Description of the task: The entries below contain a line with "CASIO & VINTAGECasio" and a line with "FLORAL PAISLEY BUTTON". Quote exactly those two lines and all lines between them.

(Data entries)
"""

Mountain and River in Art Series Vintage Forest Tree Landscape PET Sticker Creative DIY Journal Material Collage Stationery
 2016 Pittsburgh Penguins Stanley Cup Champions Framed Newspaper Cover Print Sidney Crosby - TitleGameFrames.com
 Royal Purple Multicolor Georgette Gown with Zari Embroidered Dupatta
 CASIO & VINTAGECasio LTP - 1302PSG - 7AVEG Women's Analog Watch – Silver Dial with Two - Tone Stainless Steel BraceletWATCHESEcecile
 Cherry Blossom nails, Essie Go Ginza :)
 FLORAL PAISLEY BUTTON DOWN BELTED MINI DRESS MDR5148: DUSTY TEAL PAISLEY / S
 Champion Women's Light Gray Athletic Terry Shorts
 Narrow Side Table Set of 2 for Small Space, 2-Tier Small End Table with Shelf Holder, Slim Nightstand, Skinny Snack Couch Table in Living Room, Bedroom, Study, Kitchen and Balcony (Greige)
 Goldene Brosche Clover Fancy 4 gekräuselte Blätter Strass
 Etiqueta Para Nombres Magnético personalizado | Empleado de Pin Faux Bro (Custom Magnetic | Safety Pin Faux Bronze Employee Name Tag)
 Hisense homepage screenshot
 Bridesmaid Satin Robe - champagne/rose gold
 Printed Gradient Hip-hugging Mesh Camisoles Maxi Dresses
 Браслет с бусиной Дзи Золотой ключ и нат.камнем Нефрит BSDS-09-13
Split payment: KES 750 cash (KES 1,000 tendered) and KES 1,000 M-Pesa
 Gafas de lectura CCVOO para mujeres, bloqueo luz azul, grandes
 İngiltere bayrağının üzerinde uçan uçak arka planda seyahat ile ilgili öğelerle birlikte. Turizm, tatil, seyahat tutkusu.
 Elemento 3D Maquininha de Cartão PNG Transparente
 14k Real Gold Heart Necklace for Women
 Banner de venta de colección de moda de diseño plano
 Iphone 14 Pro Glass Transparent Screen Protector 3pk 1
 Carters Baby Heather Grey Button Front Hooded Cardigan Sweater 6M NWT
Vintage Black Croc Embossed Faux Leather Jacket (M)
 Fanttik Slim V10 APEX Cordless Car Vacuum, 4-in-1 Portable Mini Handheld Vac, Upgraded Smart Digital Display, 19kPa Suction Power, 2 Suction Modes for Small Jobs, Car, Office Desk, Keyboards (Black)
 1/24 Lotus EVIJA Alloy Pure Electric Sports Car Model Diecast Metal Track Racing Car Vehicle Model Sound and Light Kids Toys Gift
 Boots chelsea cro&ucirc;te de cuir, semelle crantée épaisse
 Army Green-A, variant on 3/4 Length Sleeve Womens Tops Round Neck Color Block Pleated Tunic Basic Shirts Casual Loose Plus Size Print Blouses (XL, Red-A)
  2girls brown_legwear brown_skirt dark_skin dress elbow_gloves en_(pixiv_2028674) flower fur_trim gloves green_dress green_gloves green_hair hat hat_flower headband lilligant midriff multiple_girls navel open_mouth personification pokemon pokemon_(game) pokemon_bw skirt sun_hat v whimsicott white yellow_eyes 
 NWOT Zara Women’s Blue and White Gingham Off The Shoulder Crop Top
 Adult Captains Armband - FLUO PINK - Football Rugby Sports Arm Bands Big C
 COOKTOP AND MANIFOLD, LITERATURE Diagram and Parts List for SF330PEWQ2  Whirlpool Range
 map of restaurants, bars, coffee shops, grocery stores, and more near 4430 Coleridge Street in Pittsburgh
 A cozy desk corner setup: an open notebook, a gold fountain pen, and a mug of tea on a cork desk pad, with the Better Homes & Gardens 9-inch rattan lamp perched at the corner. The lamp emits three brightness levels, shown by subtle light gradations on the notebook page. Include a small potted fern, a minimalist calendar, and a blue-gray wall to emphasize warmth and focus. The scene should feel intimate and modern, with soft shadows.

"""

Result for this exercise:
 CASIO & VINTAGECasio LTP - 1302PSG - 7AVEG Women's Analog Watch – Silver Dial with Two - Tone Stainless Steel BraceletWATCHESEcecile
 Cherry Blossom nails, Essie Go Ginza :)
 FLORAL PAISLEY BUTTON DOWN BELTED MINI DRESS MDR5148: DUSTY TEAL PAISLEY / S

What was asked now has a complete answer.